:: PROBLEM DETAILS ::
Transcribe everything in the listing as written, and let no image into the copy.

:: INFORMATION SHOWN ::
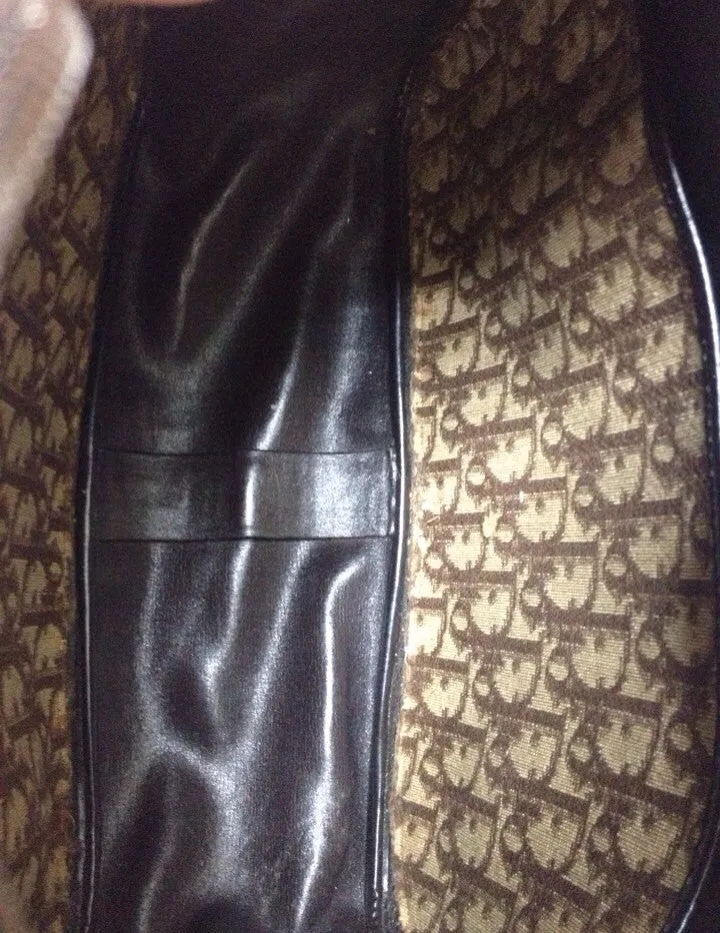 70's vintage Christian Dior brown trotter jacquard handbag with the gold tone large CD motif. ECLAIR zippers. Unisex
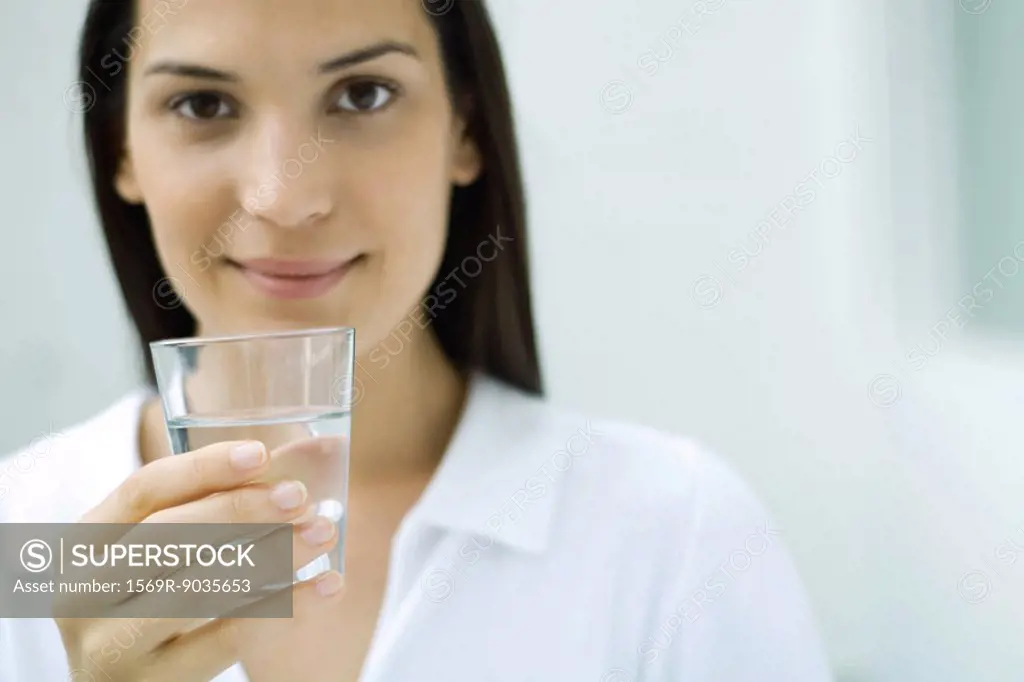 Woman holding glass of water, smiling at camera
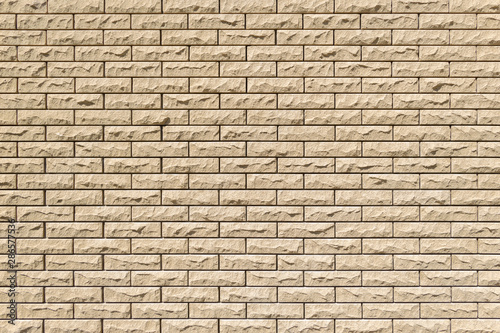 Close-up detail of a sand brick wall texture for background. Horizontal masonry.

:: SOLVED EXERCISE ::
 70's vintage Christian Dior brown trotter jacquard handbag with the gold tone large CD motif. ECLAIR zippers. Unisex
 Woman holding glass of water, smiling at camera
 Close-up detail of a sand brick wall texture for background. Horizontal masonry.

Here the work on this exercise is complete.